To realize this functionality, GDB is in fact executing the software, one
assembly instruction after another and recording relevant registers and
memory locations. This is a slow operation that can drastically change the
timing of process execution, and thus change the conditions that raise the
bug. To overcome this limitation, GDB can use available SoC IPs to
accelerate the operation. As per today, GDB has support for "Intel
Processor Trace" and " Branch Trace Store" IP on Intel processors.
ARM based SoCs have also IPs that can be used to assist process record,
namely CoreSight trace sources (ETM, PTM ..), trace links ( Funnels ...)
and trace sinks (ETB, ETR, TPIU...). They are now supported in Linux
kernel, through corresponding drivers and the extension of perf. A library
for decoding ETM traces (OpenCSD) is also available. The way is now paved
to bring acceleration of process record for ARM based SoC to GDB.
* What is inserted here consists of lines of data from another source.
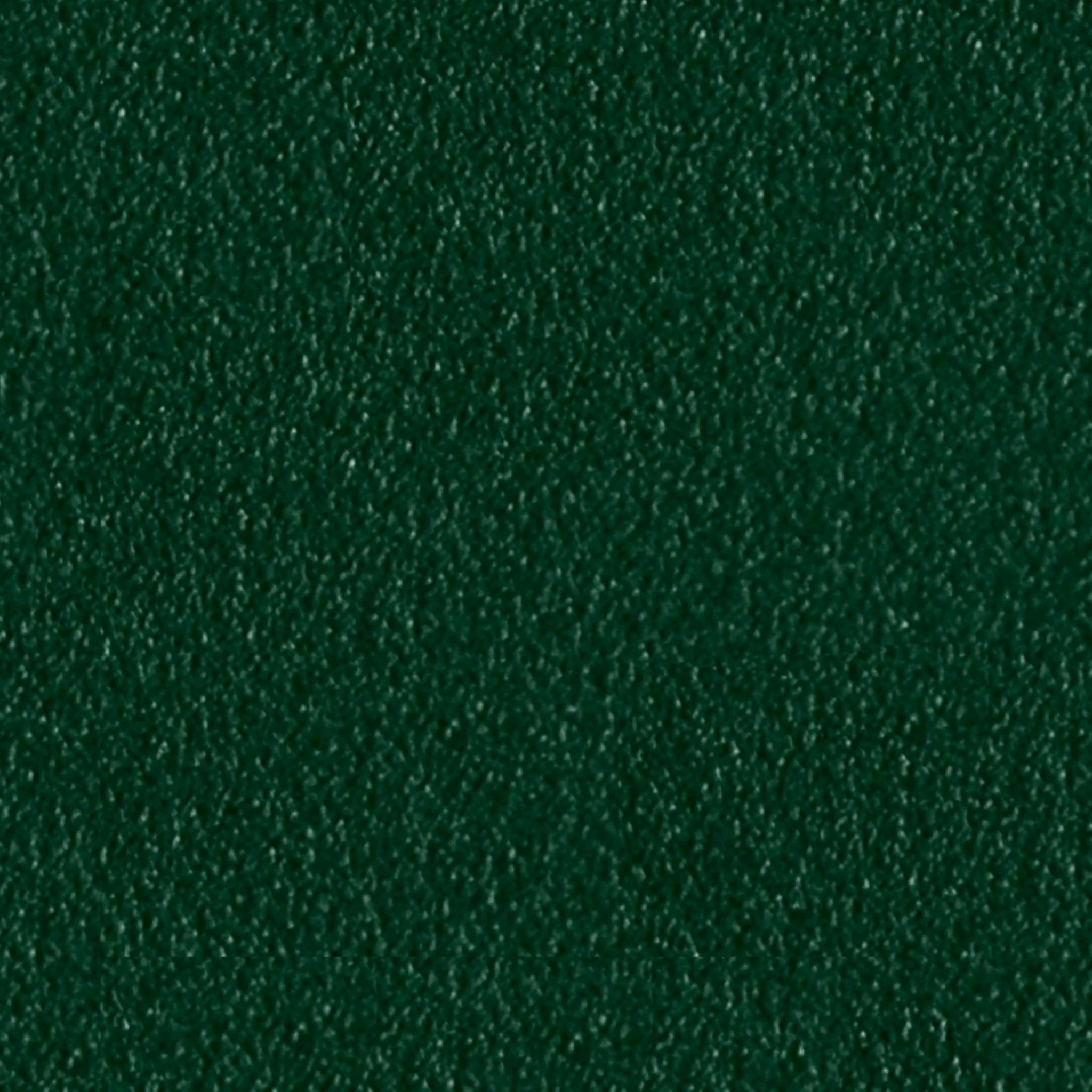 products.gallery.thumbnail_alt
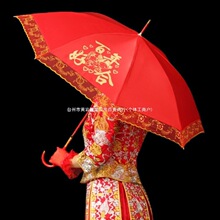 �Y����Ʒ������T��t��ϲ�c����c�tɫȫ�Ԅ���Ƭ�L���������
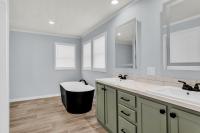2025 Cavco 77 Alpha270AP32563N  Home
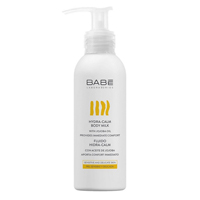 Babe Laboratorios молочко 100мл фото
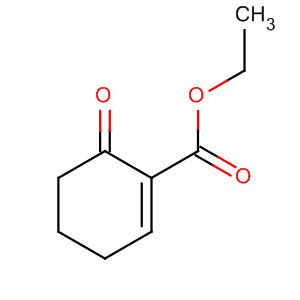 6-h(hun)ϩ-1-Y(ji)ʽ_57205-09-1Y(ji)ʽ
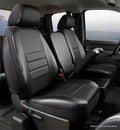 2006-2008 SL SL69-15 RAM FRONT W/CUSHION BLK/BLK 1500 select: 2006-2009 2500 BLK/BLK 06-09 Fits DODGE FIASL69-15 CAB/06-09 Inc. Fia RAM 2500/3500 MEGA RAM 40/20/40 RAM 1500, COMPARTMENT DODGE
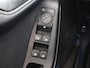 Ford Fiesta 1.0 EcoBoost Hybrid Active X | Navigatie | Winterpakket | Parkeercamera | Climate Control | Cruise Control |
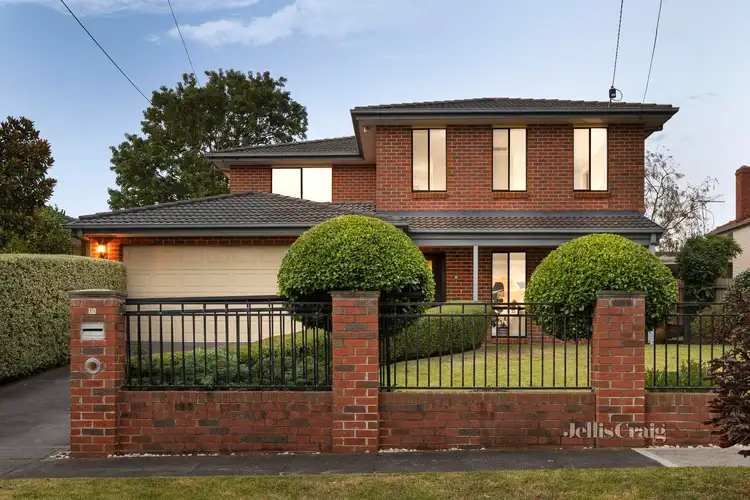 11 Vasey Street, Bentleigh East VIC 3165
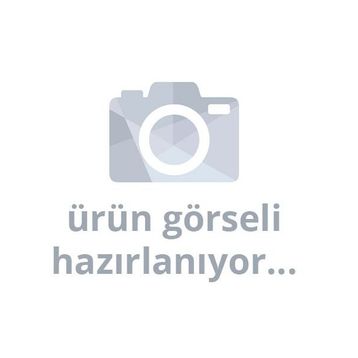 İbraş 11764 Motor Radyatörü Alt Su Hortumu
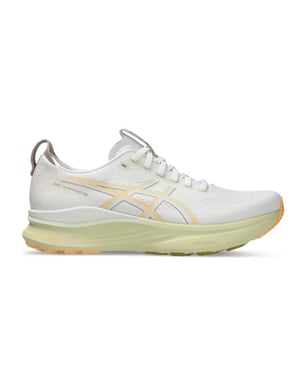 Asics Gel-kayano 32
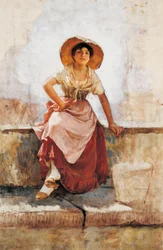 Florentina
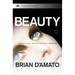 Beauty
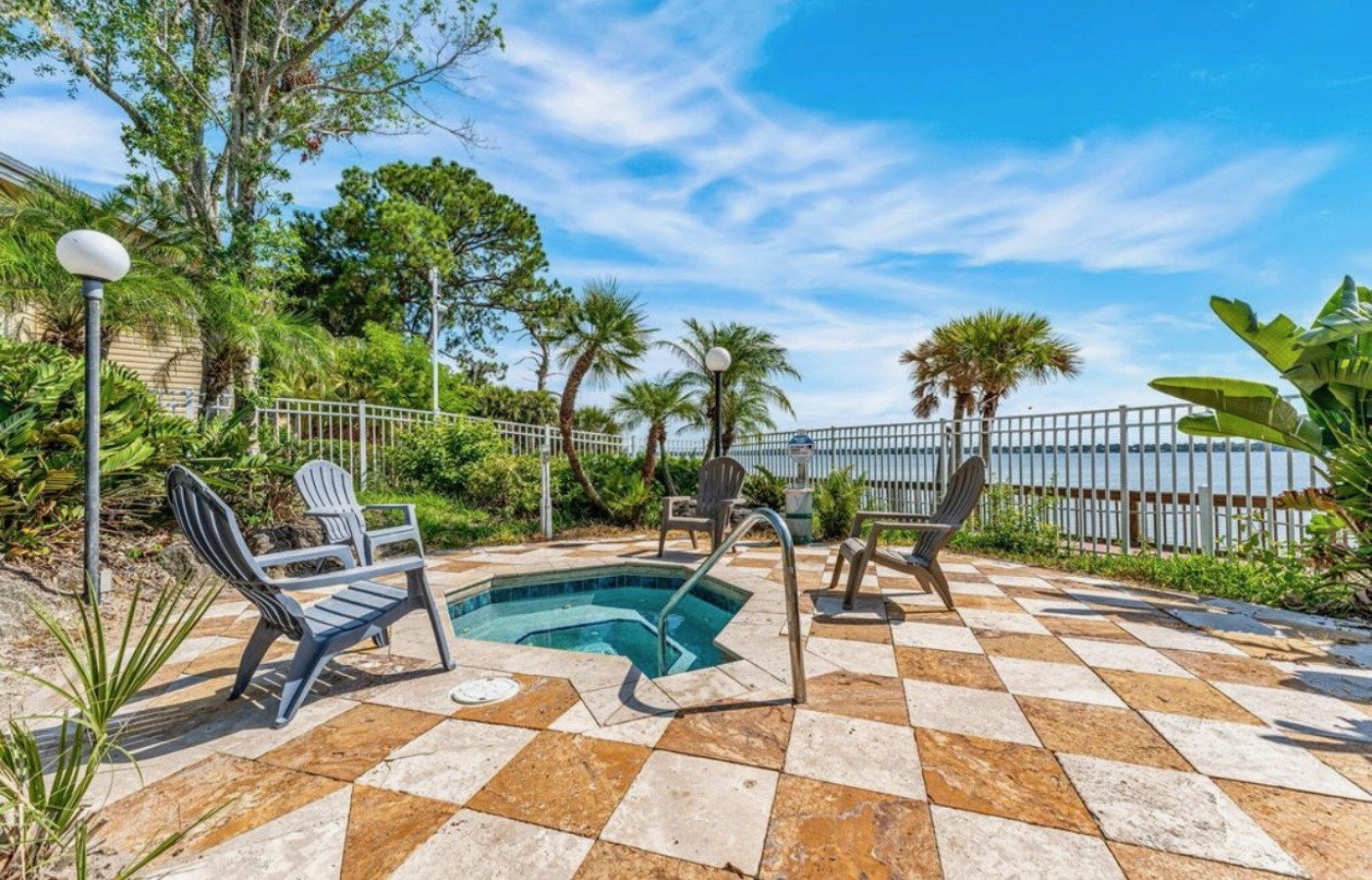 Merritt Island Vacation Rental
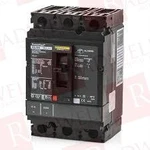 Schneider Electric HGL36015 / (new No Box). Fixed Price $512.23.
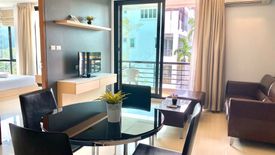 2 Bedroom Apartment for rent in Royal Kamala Phuket, Kamala, Phuket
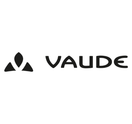 Vaude logo
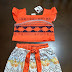 Roupas Anos 90 : Aidan promove âBaile dos Anos 60â - Roupas zara, tommy, pituchinhus, kukixo ( valor por conjunto!!) detalhes.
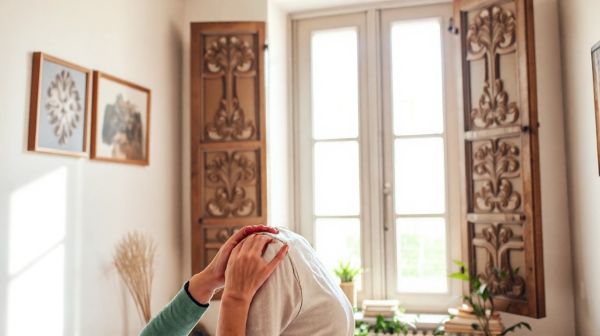 Découvrez comment un ostéopathe à Montauban peut apaiser vos douleurs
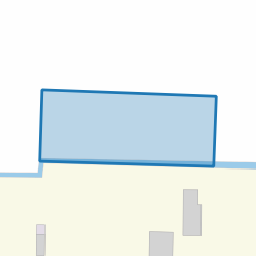 Perceel DKB00-A-7085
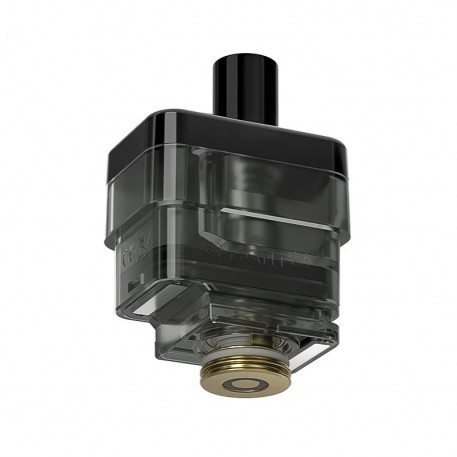 Картридж SMOANT Pasito 3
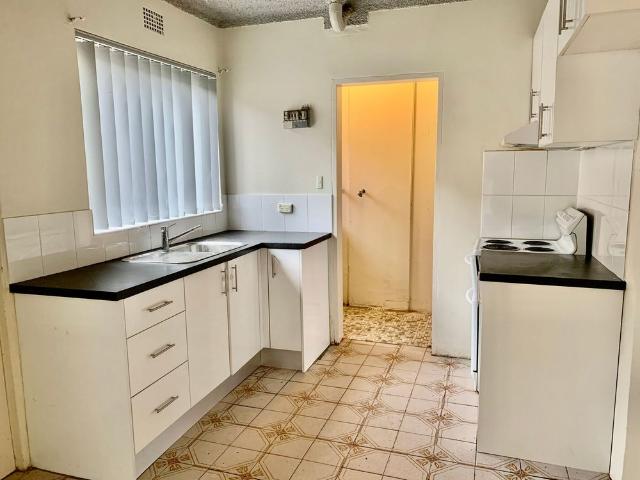 House for rent in Carramar, Sydney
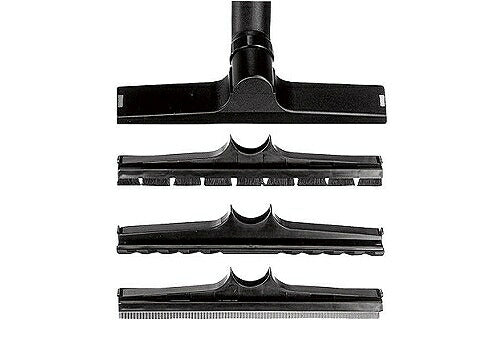 35MM ノズルセット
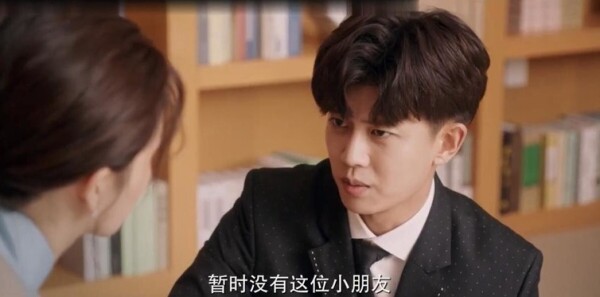 һ��һ���ּ��������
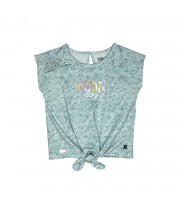 TSHIRT NAEMIA Sucre Orge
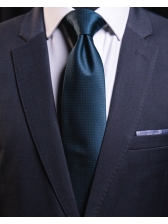 09 Costume Executive Day Gray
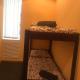 DESYATINNAYA Hostel, Kiev (foto 5)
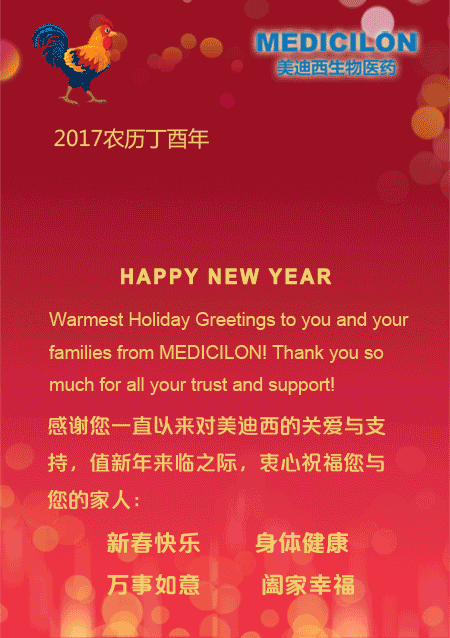 esball(中国区)官方网站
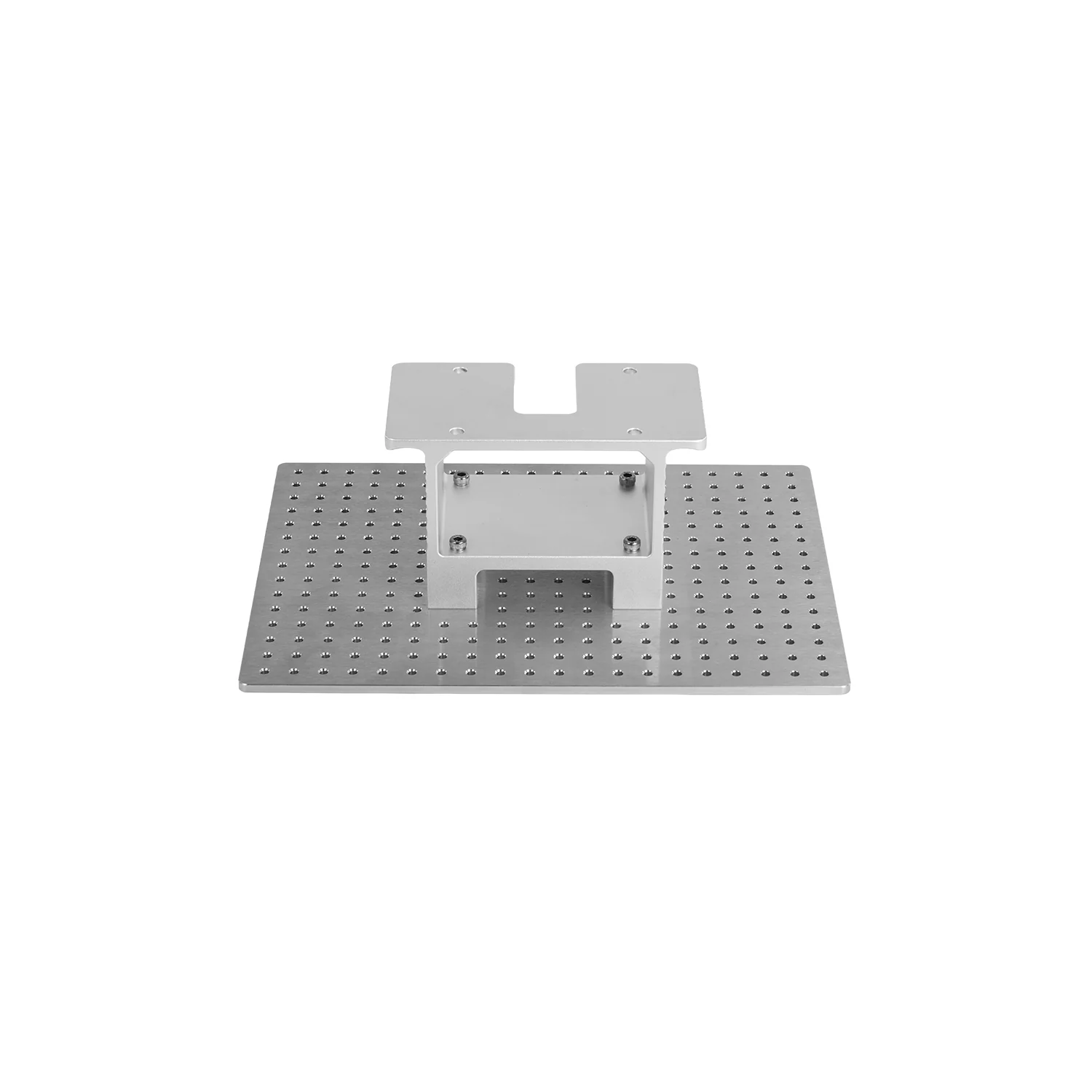 Build Plate for Photon Series - Image 14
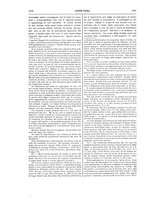 giornale/RAV0068495/1896/unico/00000546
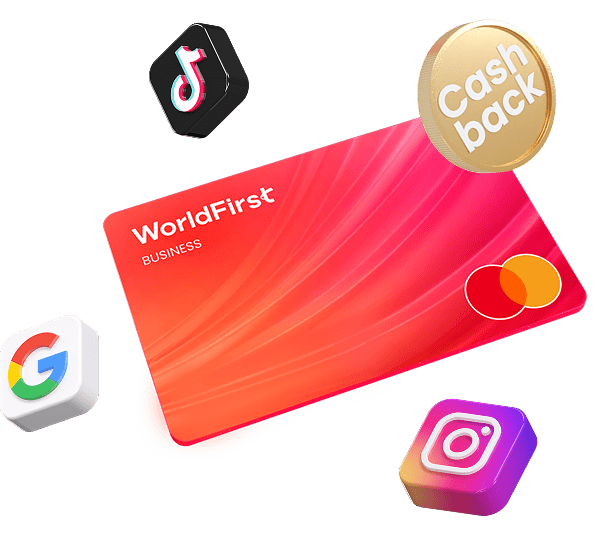 跨境独立站如何收款（资金回款）-星点跨境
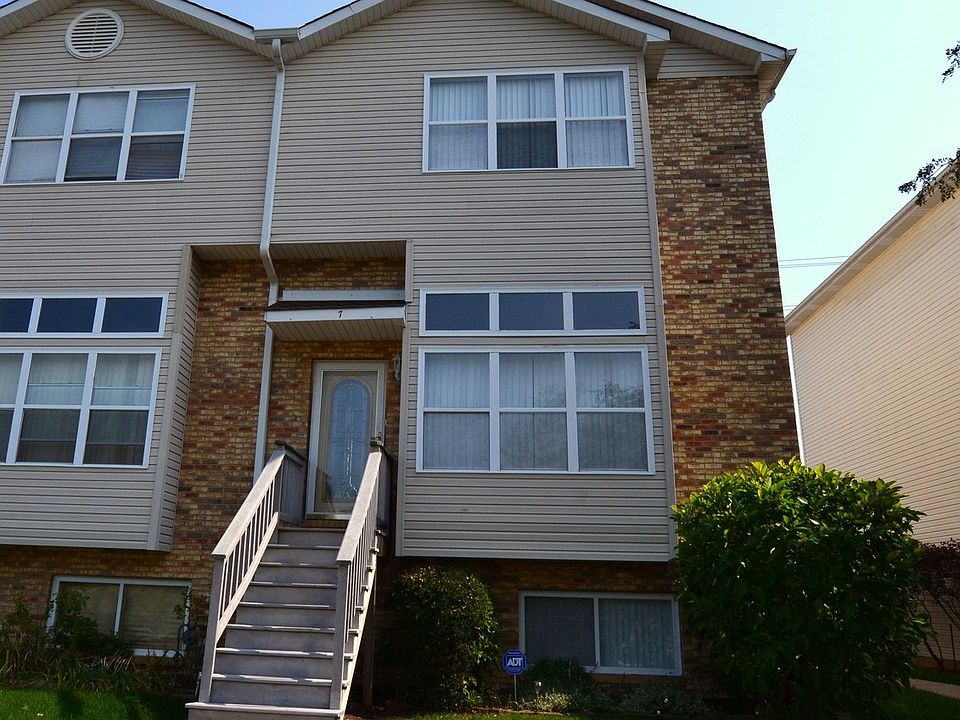 1st image of 12455 Meadow Ln Unit 7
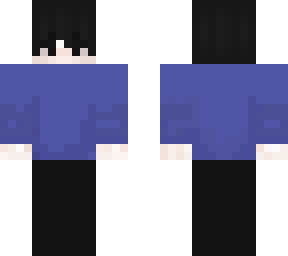 dasdasdasd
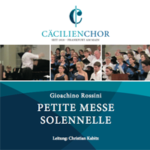 Petite_Messe_Solennelle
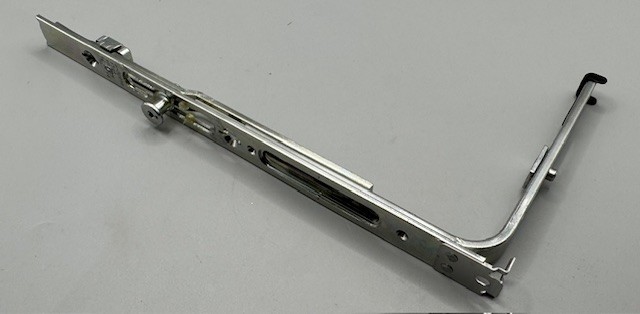 GU Eckumlenkung 6-32010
I am re-sending RFC and making it available as basis for discussions for
implementing this feature. it is also attached as text file
B.R.
Zied Guermazi
Non intrusive execution recording
for GDB using ARM CoreSight
Status of this Memo
This memo provides information for Linaro coresight and toolchain
communities.
Distribution of this memo is unlimited.
Abstract
A method of realizing execution recording in GDB in a non-intrusive way.
This method is based on the use of CoreSight hardware tracing, available on
ARM Cortex devices.
Table of Contents
1 Introduction
2 State of the art
3 Use cases
3.1 Self hosted debug monitor
3.2 Remote debug monitor
3.3 External debugger
4 Implementation needs
4.1 Self hosted debug monitor
4.2 Remote Debug monitor
4.3 External debugger
5 Remote protocol execution sequence
6 Remote protocol extensions
7 Solutions and alternatives .
7.1 Scope definition
7.2 CoreSight infrastructure exposure to the user
7.3 Parameters needed for parsing traces
1. Introduction
CoreSight technology offers a toolset for tracing the execution of a
program on a CPU, as well as routing the traces to an external trace port
analyzer or storing it in a dedicated internal memory. Those traces do not
affects system performance, and can be used as a record for program
execution.
GDB offers reverse debugging by recording program execution and storing
it. GDB offers either full record or program flow (branch) record. Records
can be replayed later-on for forwards or backwards debugging.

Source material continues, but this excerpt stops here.